Psychologists, well-meaning intellectuals, and exasperated teachers will claim that the class clown is a disruptive, annoying problem-child who is disguising deep emotional pain by acting like an amateur comedian just to get attention. I say that’s academic nonsense because some funny people just like to cause laughter and that’s SO much better than instigating food fights in the cafeteria. I often played the coveted role of Santa Claus at my school’s parent-student Christmas parties, mainly because I was funny but also because my parents didn’t want to be seen with me in public.
Reflecting upon my irreverent behavior in school, I now want to apologize to all my teachers because I was the student from hell. Just ten minutes into a boring lecture, I would fake farts or sing songs from Fiddler on the Roof just so I could get thrown out of class amid guffaws from my snickering comrades in the back of the room. I have such fond memories of vocalizing “Matchmaker, Matchmaker” on my way to the principal’s office. Upon returning to class, I would often hum the more serious version of “Sunrise, Sunset.” Nothing signified contrite redemption like a poignant tribute to oppressed peasants solemnly singing about being laden with happiness and tears.
But I take solace in the words of notable experts who have studied the complex and compelling cornucopia of class clowns. For example, Dr. Maximus Foghorne, renowned specialist in adolescent behavior, noted that young people who desire to provoke laughter from a random audience often exhibit brilliant personal and professional success later in life.
“My studies indicate that society is far too critical of emerging performance and comedic personalities in early developmental stages associated with chronic boredom and the blameless inability to conform to preordained standards of serious decorum,” said Dr. Foghorne. “Obviously, the spirited and independent child should be celebrated and not condemned for outbursts relating to exuberant and animated behavior which often combines excessive energy with wicked wit to be channeled into outstanding achievements throughout adulthood.”

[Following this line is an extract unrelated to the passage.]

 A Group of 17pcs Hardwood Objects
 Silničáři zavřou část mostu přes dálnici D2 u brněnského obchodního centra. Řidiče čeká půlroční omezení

His astute assessments are endorsed by the esteemed Revival Center for Boisterous Behavior and Clinical Comedic Studies at the University of Clownhaven in Thesaurus, Italy.
“Playwrights, theologians, and itinerant thespians concur that the delicate line between absurdity and horror is reflected in our inherent ability to discern humor from tragedy,” said Credence Clearwater, PhD. and Director of the Revival Center. “What manifests as irritating immaturity is actually extraordinary genius frolicking in a grand masquerade into the ballroom of life. We should savor time spent with jesters and learn from their impertinent actions.”
Other professionals concur that the class clown should be tolerated and even praised for introducing sporadic bursts of joyful chaos into a regimented routine that without levity inevitably leads to disillusionment and disaster. So for now, let’s pay homage and offer sincere respect to silly people who can instigate laughter while writing complete fabrications as they present assorted falsehoods as total fact with unsubstantiated opinions. Just because the noted specialists in this article don’t really exist doesn’t mean they don’t really exist. Fun and fantasy trump reality every time. If you can’t be the class clown, sit near one and enjoy the show.